In the last year alone, 2.1 million people aged 16-plus were recorded as victim-survivors of domestic abuse. This number reveals a national crisis, but the reality is even worse. National statistics are skewed by changes in police reporting, and many victim-survivors do not feel supported to report in the first place – the true figure could be double that on record.
All of us will know someone who has experienced domestic abuse, and if you follow that to its natural conclusion, we will all know someone who has been abusive too.
For decades, the responsibility for action has been left to survivors, most often women, to leave, to seek emotional support, and to report their abusers to authorities. This system relies on services structured around the inevitability of male violence against women, services which are then funded so poorly that they cannot help the never-ending revolving door of victims.
A new government holds the power to change this story. To take the view that domestic abuse is an issue to be solved rather than a norm to be accepted, and to put action behind that to make real change.
If the new government are to achieve their commitment of halving violence against women and girls in a decade, they will need to do more than fund support services (though that is an essential place to start).
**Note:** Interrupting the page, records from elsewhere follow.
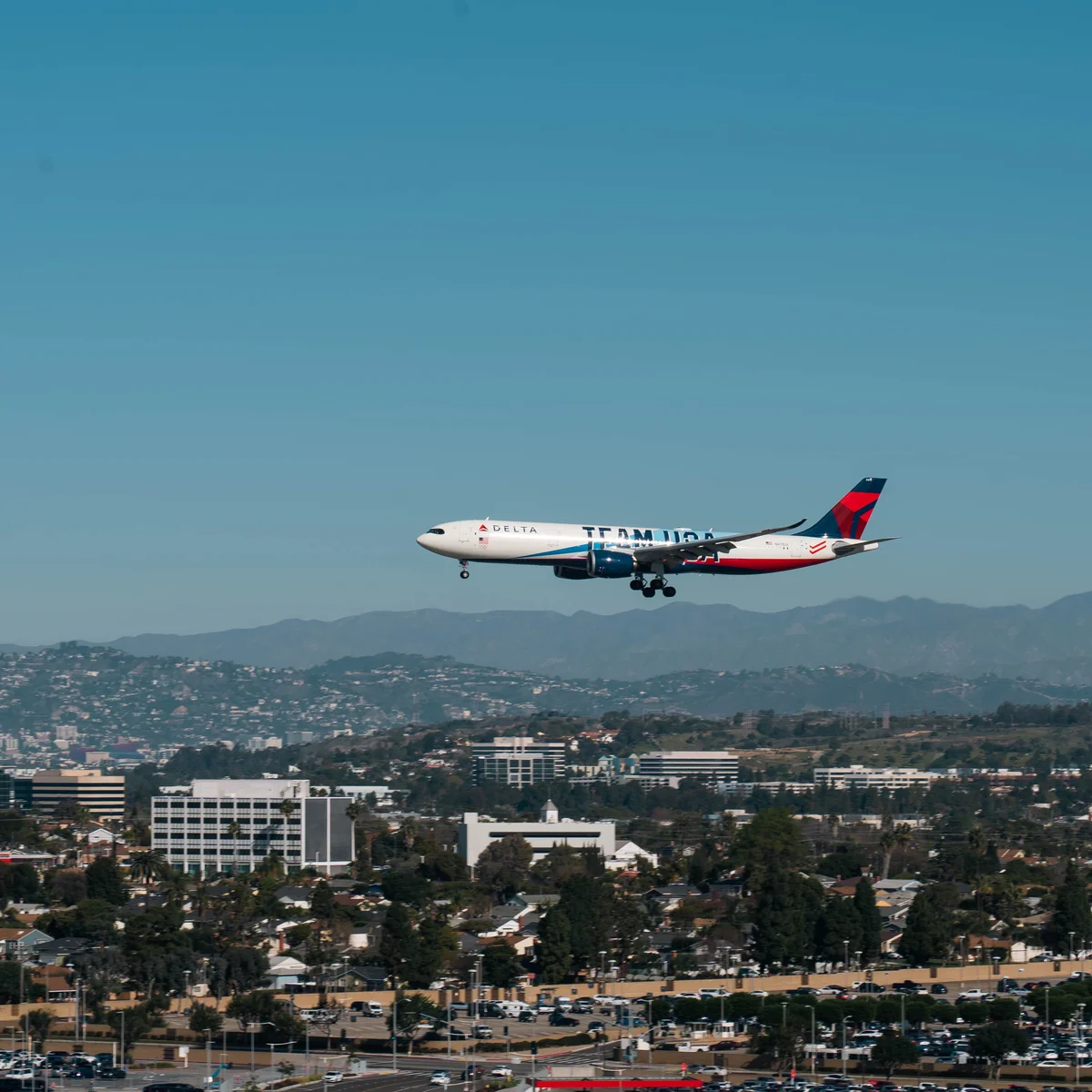 Team USA A330-900 LAX Arrival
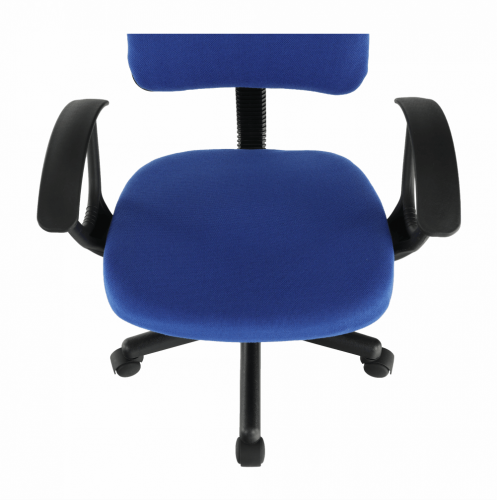 Kancelářská židle, modrá/černá, TAMSON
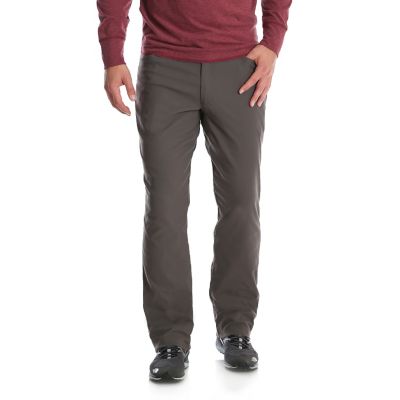 wrangler men's outdoor fleece lined pant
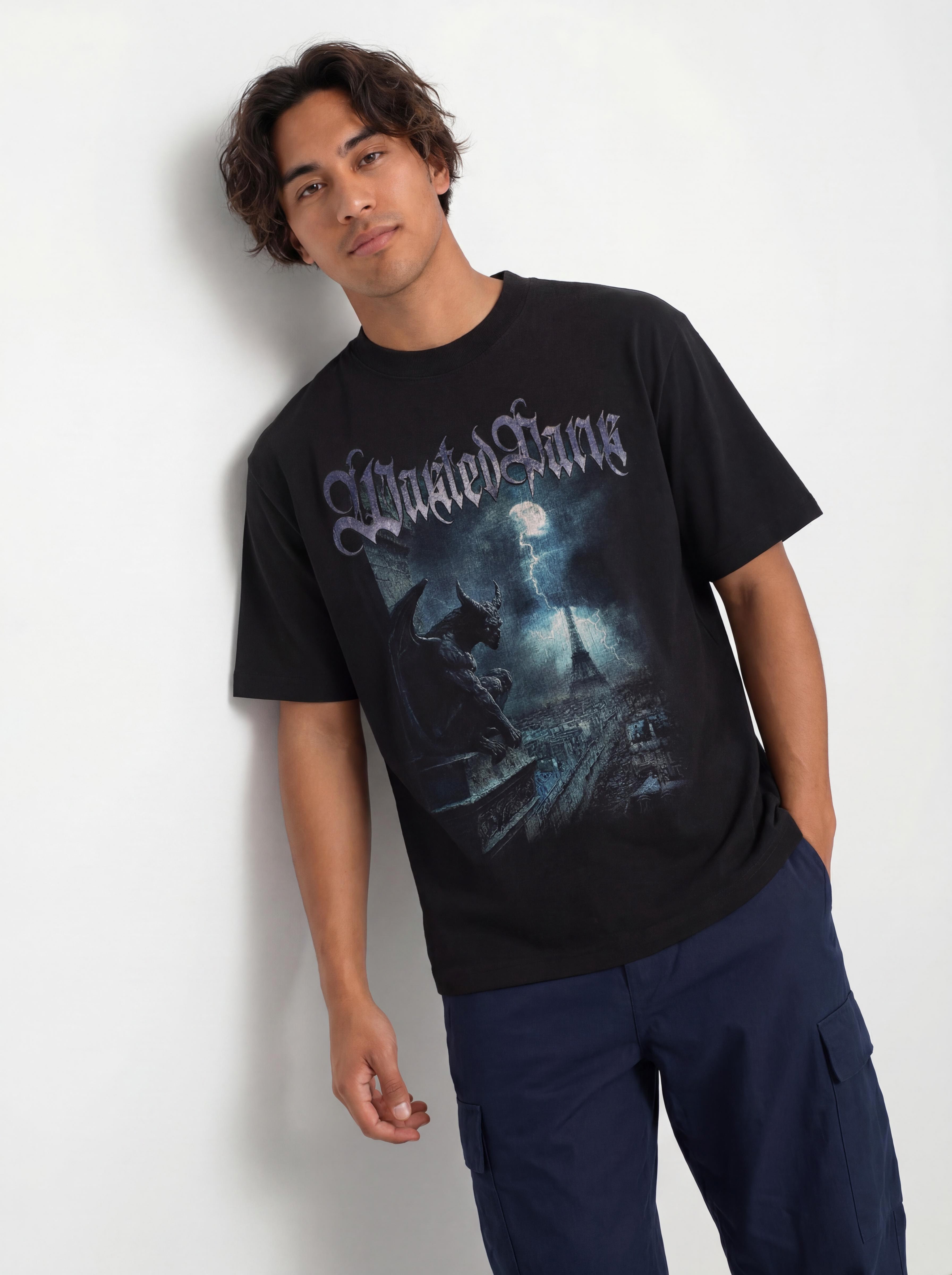 Футболка Wasted Paris Gargoyle (faded black)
They will need to provide political, social and sector-wide solutions to the growing problem of gendered violence that address the roots of the harm.
At Cranstoun we look for radical, innovative approaches to social justice issues by getting to the heart of the problem. When it comes to domestic abuse we consider what creates a culture that normalises violence and coercion in relationships, and how to hold perpetrators to account. We look to the deeply-held gendered roles in our society, and social structures built on power, wealth and control that celebrate competition and individualism over community and care. And we recognise the lack of positive role-modelling of healthy relationship behaviours, in the home, in school curriculums and in popular culture. We bring this learning into our work to place responsibility on perpetrators of abuse through behaviour-change interventions, measured by the subsequent safety of the victim-survivor.